Louise Brooks in a still for Pandora's Box (1929)

Pandora's Box was the film that completely altered Louise's career and place in history.  The film was made in 1929, shot in Berlin, Germany, and directed by GW Pabst.  Brook's left her Hollywood home and Paramount to make this film, unwittingly sealing her fate in more ways than one.  Her character, Lulu, had a huge influence on Brooks' life and later writings, which is more than proven by her constant drawing of parallels between their respective lives and her titling her book Lulu in Hollywood.  There are SO many things to be said about this film, I could write an entire thesis on it (and I am, sort of). I will direct you to both Lulu in Hollywood, written by Louise herself, and Louise Brooks, written by Barry Paris, or her journals for further reading on this loaded and intricate topic.

 Louise Brooks in  Prix de Beaute  (1930)

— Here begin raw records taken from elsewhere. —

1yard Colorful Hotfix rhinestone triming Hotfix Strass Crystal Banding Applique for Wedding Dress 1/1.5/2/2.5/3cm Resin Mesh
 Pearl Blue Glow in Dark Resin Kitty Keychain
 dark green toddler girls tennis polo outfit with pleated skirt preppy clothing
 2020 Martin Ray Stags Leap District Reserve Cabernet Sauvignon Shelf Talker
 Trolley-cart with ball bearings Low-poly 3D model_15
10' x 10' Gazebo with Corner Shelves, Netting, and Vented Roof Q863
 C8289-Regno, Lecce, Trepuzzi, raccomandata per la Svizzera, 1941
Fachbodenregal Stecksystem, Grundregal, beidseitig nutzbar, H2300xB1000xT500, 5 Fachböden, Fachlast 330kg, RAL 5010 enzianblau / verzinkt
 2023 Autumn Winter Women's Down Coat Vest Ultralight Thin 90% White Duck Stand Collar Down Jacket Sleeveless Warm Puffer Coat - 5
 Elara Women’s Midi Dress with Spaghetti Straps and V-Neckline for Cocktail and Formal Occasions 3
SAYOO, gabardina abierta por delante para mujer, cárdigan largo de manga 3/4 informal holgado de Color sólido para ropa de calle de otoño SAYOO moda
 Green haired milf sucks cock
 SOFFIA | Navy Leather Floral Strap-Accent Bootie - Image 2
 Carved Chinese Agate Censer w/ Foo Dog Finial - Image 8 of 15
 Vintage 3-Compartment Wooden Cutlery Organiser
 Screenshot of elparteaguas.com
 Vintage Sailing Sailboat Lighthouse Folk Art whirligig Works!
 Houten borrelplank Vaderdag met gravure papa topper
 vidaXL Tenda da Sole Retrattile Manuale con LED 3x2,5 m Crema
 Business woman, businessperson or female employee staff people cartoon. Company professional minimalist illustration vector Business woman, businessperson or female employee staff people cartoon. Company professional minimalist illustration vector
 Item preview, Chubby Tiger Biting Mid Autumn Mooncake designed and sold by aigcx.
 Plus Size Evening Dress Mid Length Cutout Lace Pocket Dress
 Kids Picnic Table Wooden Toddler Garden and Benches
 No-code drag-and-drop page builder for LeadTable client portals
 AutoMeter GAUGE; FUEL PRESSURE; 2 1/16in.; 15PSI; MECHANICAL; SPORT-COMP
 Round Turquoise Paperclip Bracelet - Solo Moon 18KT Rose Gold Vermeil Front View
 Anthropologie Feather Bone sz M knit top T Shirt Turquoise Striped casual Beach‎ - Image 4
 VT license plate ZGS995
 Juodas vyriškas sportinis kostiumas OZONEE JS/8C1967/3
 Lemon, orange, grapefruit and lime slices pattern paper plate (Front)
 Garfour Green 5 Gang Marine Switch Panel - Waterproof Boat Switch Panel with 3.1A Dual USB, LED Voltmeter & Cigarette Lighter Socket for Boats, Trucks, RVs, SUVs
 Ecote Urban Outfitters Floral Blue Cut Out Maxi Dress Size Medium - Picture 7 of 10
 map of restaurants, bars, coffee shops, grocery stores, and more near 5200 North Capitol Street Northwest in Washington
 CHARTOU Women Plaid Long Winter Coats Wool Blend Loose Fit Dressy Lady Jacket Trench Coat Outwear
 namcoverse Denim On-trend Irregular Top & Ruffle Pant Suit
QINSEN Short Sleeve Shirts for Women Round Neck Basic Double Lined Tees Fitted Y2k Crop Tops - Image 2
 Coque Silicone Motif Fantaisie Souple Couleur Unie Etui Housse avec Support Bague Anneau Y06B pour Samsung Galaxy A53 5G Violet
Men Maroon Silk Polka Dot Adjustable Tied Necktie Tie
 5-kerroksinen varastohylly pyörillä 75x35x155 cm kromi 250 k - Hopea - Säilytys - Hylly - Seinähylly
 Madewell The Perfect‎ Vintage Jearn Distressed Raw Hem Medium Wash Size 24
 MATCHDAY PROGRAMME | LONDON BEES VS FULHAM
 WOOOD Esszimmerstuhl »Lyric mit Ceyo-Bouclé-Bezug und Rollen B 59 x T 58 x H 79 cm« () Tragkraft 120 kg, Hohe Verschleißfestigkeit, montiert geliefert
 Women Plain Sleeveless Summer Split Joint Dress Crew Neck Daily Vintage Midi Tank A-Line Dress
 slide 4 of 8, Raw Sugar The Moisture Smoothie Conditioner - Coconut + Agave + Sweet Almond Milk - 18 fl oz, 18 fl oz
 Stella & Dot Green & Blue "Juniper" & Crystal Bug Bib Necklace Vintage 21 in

Louise Brooks in Prix de Beaute (1930)

Prix de Beaute is a film that Louise made in Paris in 1930.  The film was supposed to be directed by Rene Clair, the famed French director, however he had trouble with production and so the film was ultimately directed by Augusto Genina.  The film itself follows the life of a young woman, Lucienne, who wins a beauty contest and finds this disagreeable to her fiance, who is jealous and abusive.  Genina later wrote an autobiography in which he spoke of Louise's notorious alcoholism on and off the set.  As far as I know, Brooks declared it all to be false.  However, I have been told that she was not often able to open up about her alcoholism and perhaps was in denial.  

 Louise Brooks in  Prix de Beaute  (1930)

Louise Brooks in Prix de Beaute (1930)

 Louise Brooks in  Prix de Beaute

Louise Brooks in Prix de Beaute

Blaise Pascal was a famed mathematician, scientist and philosopher, and has a special place in Louise's life thanks to a book of his works, called Pensees, that she was gifted by Robert Benchley.  Inside it, he inscribed the message "From Blaise Benchley to Blaise Brooks." (Paris, 408) 

Paris is where Louise listed as her favorite place to have lived.  She attributed this, later in life, to the fact that she didn't speak French and therefore didn't have to communicate with anyone while she was working on sets.